**Aim of the exercise**. Your job is to give again, exactly and with no additions, the lines in the records below from the one with "Installation of Basler" through the one with "For this, we", both included. Omit the pictures.

**Records for the task**.

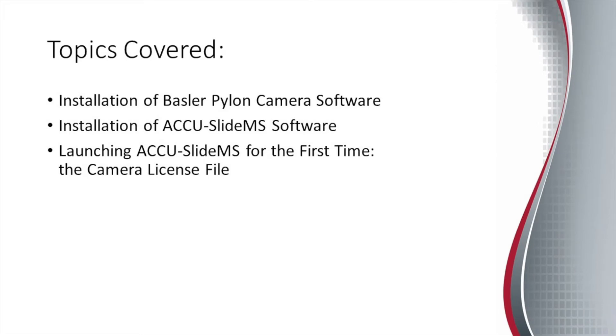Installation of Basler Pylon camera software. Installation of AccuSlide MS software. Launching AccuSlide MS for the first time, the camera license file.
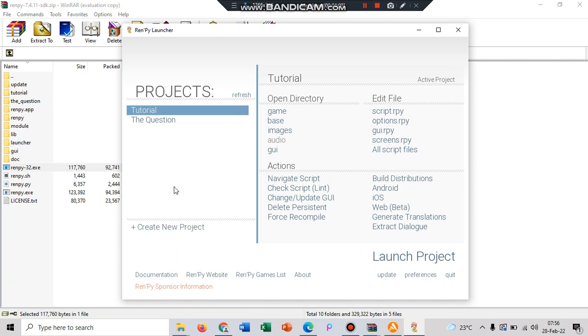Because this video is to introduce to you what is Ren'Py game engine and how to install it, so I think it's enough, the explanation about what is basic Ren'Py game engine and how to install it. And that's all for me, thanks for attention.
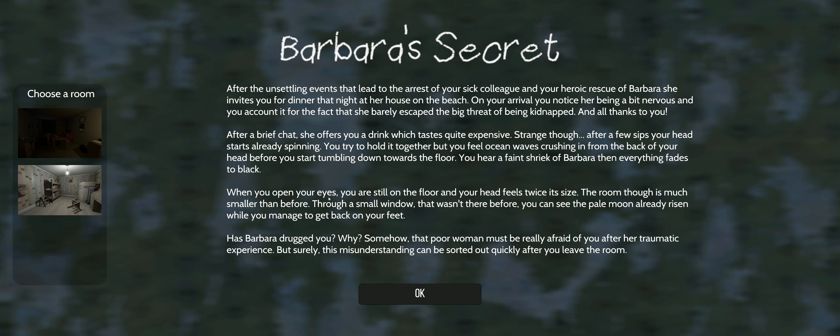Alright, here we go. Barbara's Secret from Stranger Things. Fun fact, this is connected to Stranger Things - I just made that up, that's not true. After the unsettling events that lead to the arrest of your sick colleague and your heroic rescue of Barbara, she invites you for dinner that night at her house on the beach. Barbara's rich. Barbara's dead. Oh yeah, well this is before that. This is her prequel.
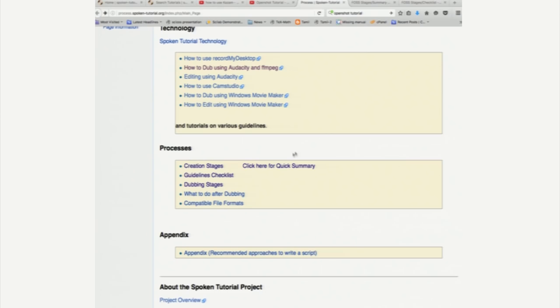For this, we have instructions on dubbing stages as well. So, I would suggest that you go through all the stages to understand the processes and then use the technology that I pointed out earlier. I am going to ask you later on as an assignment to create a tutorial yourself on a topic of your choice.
---
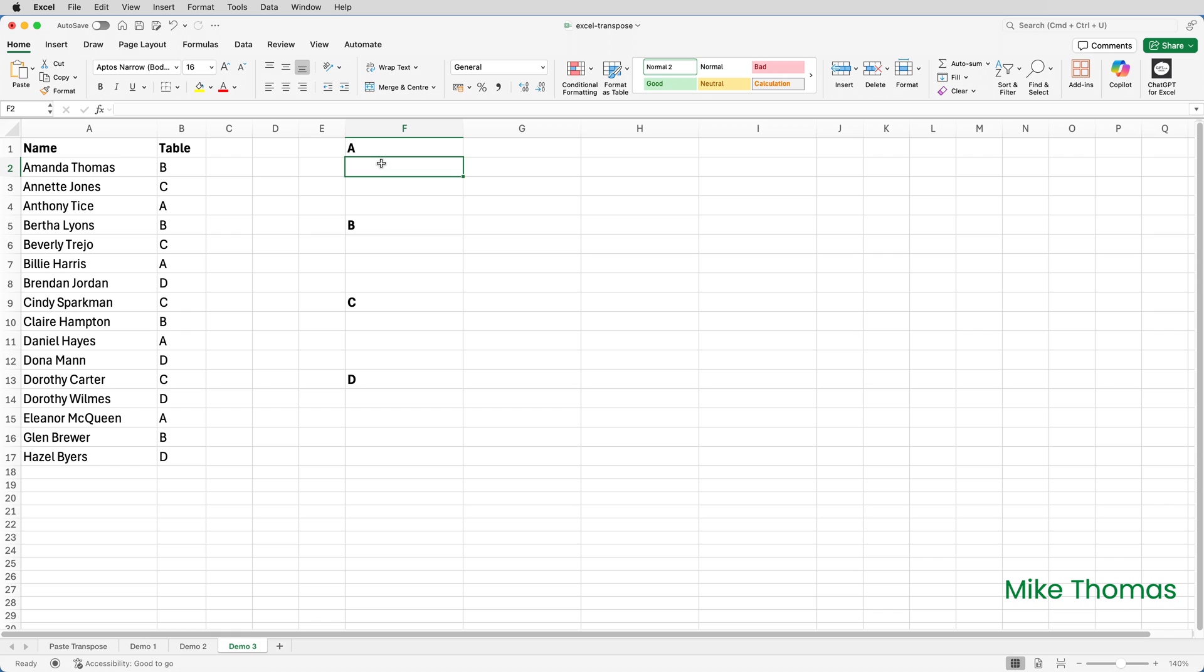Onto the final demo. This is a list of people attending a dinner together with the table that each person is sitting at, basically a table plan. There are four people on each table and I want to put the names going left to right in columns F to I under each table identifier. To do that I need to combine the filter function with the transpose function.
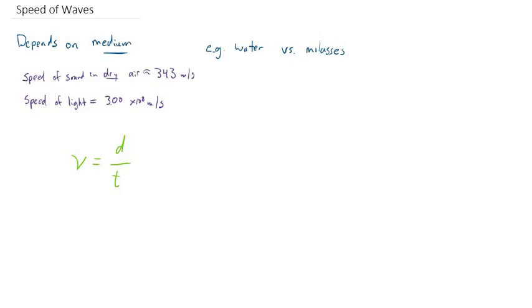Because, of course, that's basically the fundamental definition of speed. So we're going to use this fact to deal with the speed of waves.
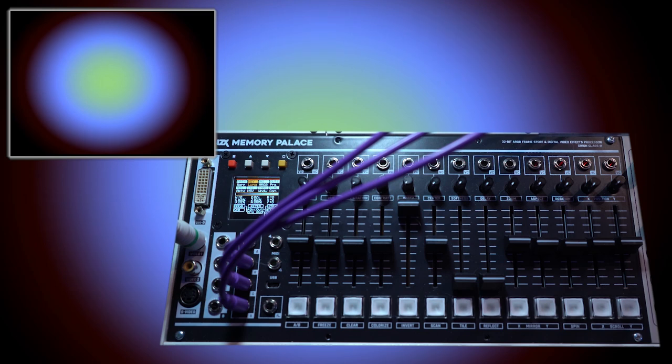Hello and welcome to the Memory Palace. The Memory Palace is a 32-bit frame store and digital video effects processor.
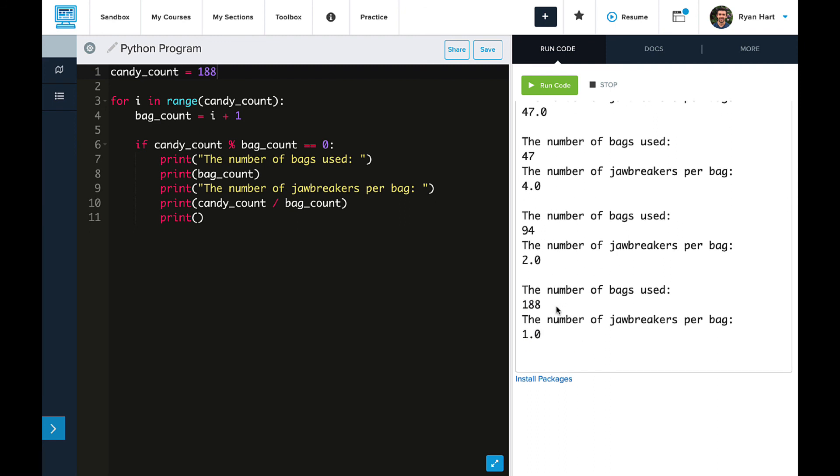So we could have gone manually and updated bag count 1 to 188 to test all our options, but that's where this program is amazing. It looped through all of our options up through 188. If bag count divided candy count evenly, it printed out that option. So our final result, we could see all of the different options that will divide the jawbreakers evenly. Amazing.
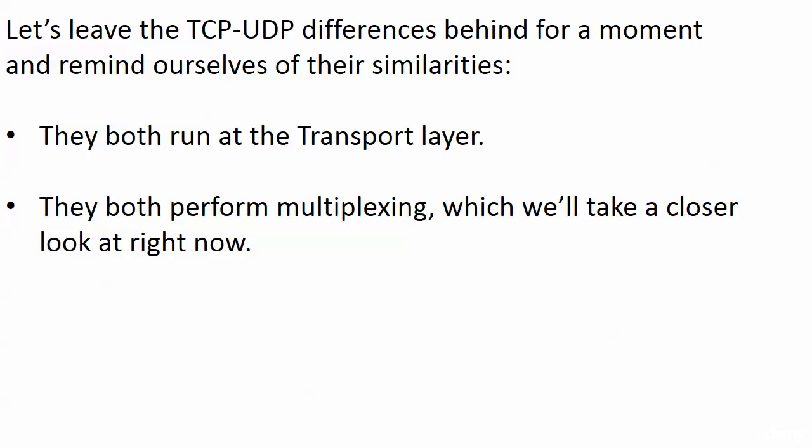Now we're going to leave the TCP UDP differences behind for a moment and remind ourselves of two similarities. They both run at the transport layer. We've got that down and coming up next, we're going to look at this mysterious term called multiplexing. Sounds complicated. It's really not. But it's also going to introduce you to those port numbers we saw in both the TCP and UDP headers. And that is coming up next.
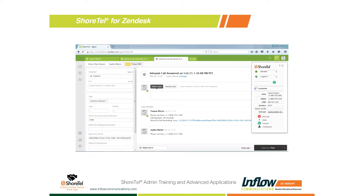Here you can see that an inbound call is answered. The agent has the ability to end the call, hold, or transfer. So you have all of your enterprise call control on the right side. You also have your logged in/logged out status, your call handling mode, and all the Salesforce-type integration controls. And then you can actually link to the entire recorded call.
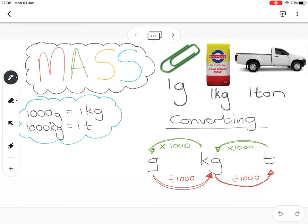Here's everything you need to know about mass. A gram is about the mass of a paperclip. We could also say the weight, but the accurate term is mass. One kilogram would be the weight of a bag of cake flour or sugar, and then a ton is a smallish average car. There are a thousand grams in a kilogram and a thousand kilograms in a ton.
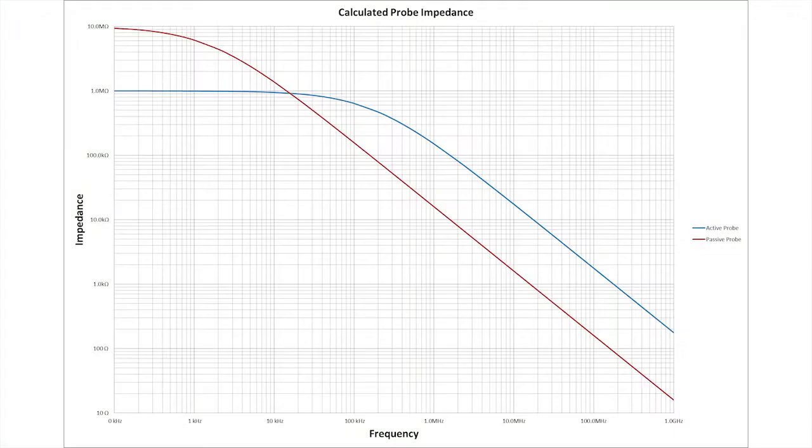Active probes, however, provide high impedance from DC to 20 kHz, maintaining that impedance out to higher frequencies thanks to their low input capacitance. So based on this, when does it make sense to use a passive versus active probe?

**Output of the task**.
Installation of Basler Pylon camera software. Installation of AccuSlide MS software. Launching AccuSlide MS for the first time, the camera license file.
Because this video is to introduce to you what is Ren'Py game engine and how to install it, so I think it's enough, the explanation about what is basic Ren'Py game engine and how to install it. And that's all for me, thanks for attention.
Alright, here we go. Barbara's Secret from Stranger Things. Fun fact, this is connected to Stranger Things - I just made that up, that's not true. After the unsettling events that lead to the arrest of your sick colleague and your heroic rescue of Barbara, she invites you for dinner that night at her house on the beach. Barbara's rich. Barbara's dead. Oh yeah, well this is before that. This is her prequel.
For this, we have instructions on dubbing stages as well. So, I would suggest that you go through all the stages to understand the processes and then use the technology that I pointed out earlier. I am going to ask you later on as an assignment to create a tutorial yourself on a topic of your choice.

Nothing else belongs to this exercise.